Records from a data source
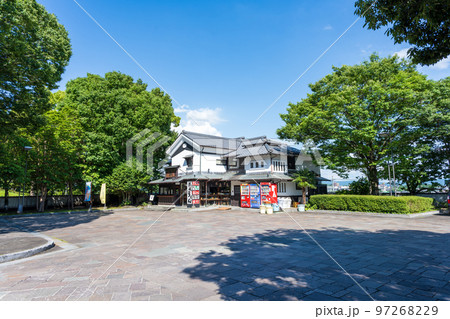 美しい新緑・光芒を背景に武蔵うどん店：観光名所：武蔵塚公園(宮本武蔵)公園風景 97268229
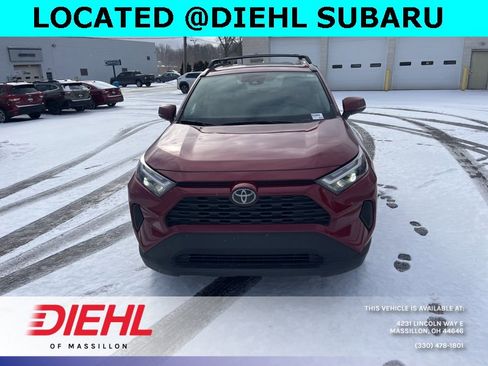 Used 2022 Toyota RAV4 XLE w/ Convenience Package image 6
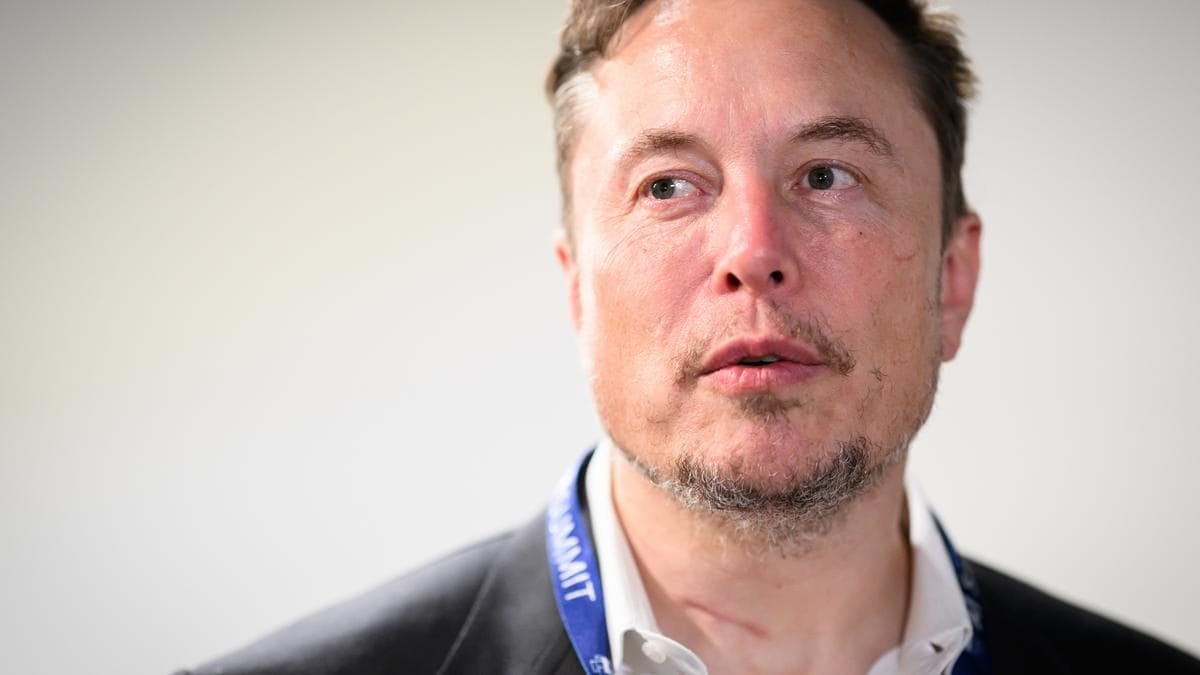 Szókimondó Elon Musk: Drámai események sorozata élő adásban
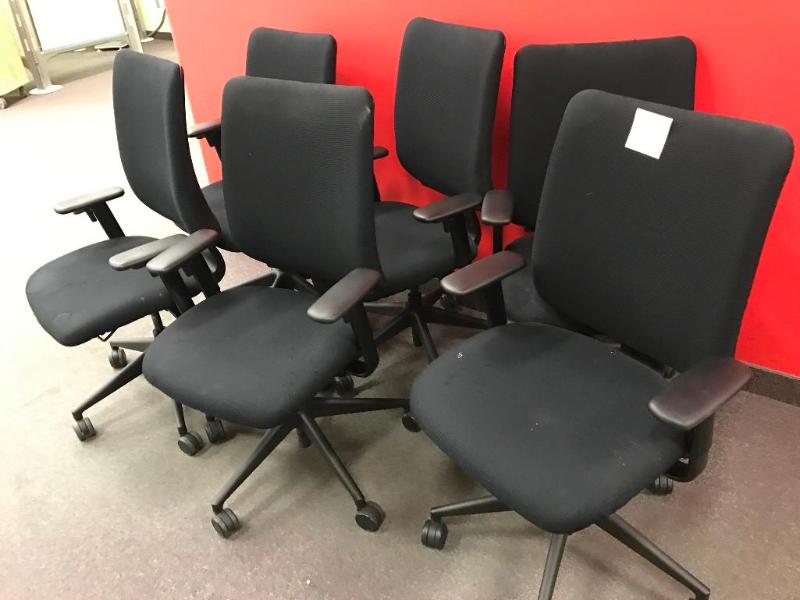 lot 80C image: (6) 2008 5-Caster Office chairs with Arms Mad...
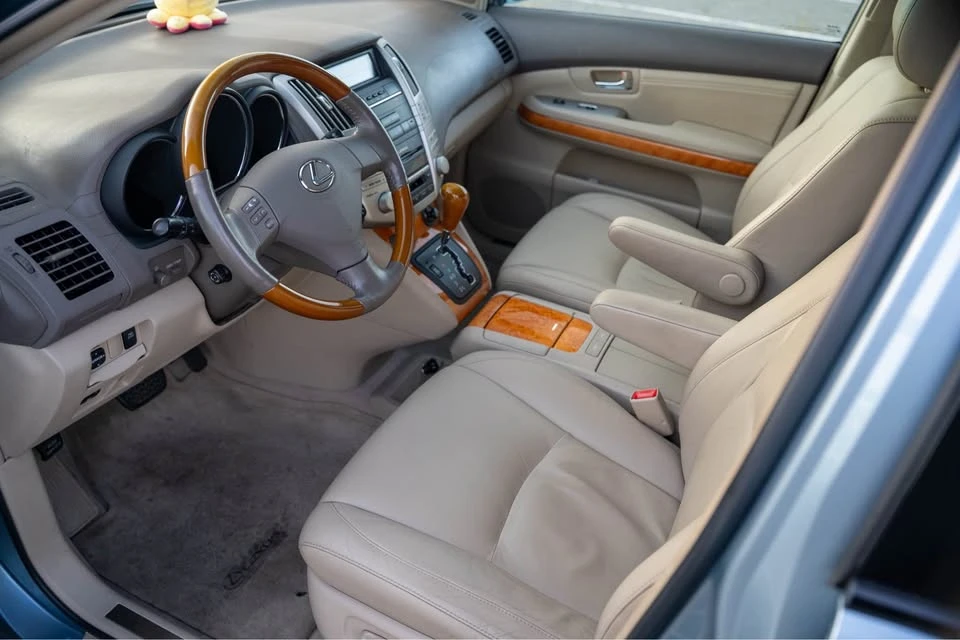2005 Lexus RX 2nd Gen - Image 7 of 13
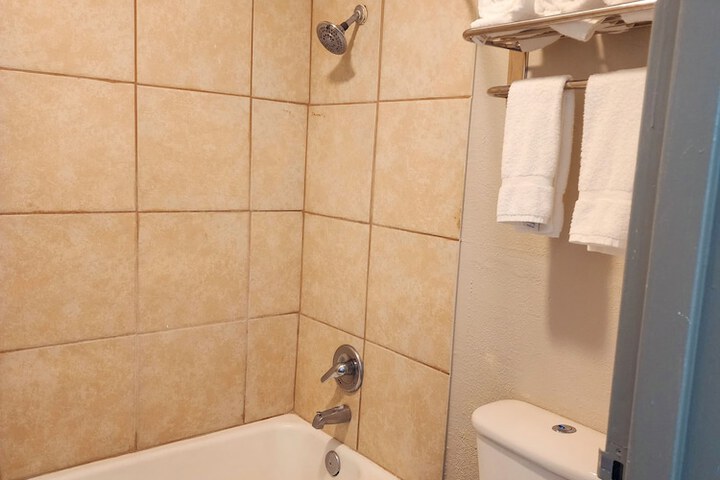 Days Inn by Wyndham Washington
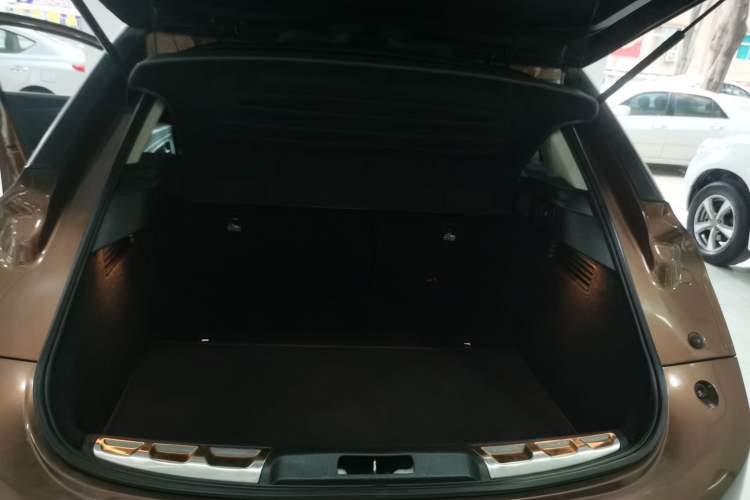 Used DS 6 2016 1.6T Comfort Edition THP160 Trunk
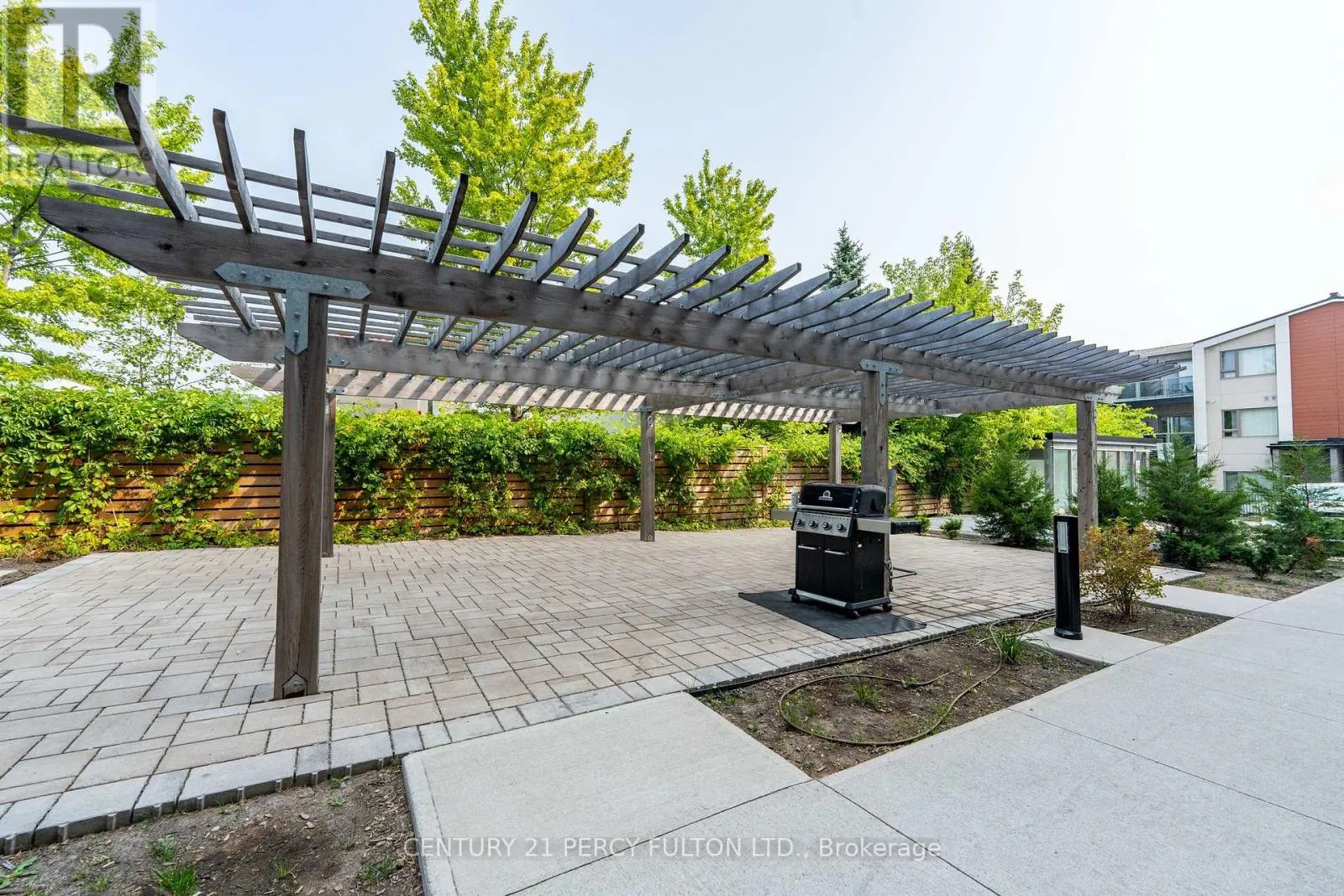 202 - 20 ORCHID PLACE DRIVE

Try it
Restate word for word only the lines that run from the line holding "lot 80C image: (6)" to the end of the data, both ends kept, leaving every picture out.

Solved exercise
 lot 80C image: (6) 2008 5-Caster Office chairs with Arms Mad...
2005 Lexus RX 2nd Gen - Image 7 of 13
 Days Inn by Wyndham Washington
 Used DS 6 2016 1.6T Comfort Edition THP160 Trunk
 202 - 20 ORCHID PLACE DRIVE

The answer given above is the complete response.